===== Material for the task

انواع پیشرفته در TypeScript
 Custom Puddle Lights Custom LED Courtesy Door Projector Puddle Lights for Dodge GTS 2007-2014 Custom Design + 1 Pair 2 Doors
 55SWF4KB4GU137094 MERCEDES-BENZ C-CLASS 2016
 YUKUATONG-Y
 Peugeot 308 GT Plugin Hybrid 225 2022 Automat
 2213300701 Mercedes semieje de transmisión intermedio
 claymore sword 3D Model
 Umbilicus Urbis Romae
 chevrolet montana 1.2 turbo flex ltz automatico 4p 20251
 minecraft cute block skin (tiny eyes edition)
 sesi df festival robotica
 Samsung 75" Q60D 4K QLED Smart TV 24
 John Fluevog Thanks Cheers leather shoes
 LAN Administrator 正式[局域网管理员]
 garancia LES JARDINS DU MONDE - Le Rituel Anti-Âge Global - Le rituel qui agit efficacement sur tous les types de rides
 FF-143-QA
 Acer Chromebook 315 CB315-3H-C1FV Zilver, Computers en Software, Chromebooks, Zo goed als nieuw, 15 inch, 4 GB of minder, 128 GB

==========

Instructions to follow —
An exact transcription of every record above is required.

Answer to this task —
انواع پیشرفته در TypeScript
 Custom Puddle Lights Custom LED Courtesy Door Projector Puddle Lights for Dodge GTS 2007-2014 Custom Design + 1 Pair 2 Doors
 55SWF4KB4GU137094 MERCEDES-BENZ C-CLASS 2016
 YUKUATONG-Y
 Peugeot 308 GT Plugin Hybrid 225 2022 Automat
 2213300701 Mercedes semieje de transmisión intermedio
 claymore sword 3D Model
 Umbilicus Urbis Romae
 chevrolet montana 1.2 turbo flex ltz automatico 4p 20251
 minecraft cute block skin (tiny eyes edition)
 sesi df festival robotica
 Samsung 75" Q60D 4K QLED Smart TV 24
 John Fluevog Thanks Cheers leather shoes
 LAN Administrator 正式[局域网管理员]
 garancia LES JARDINS DU MONDE - Le Rituel Anti-Âge Global - Le rituel qui agit efficacement sur tous les types de rides
 FF-143-QA
 Acer Chromebook 315 CB315-3H-C1FV Zilver, Computers en Software, Chromebooks, Zo goed als nieuw, 15 inch, 4 GB of minder, 128 GB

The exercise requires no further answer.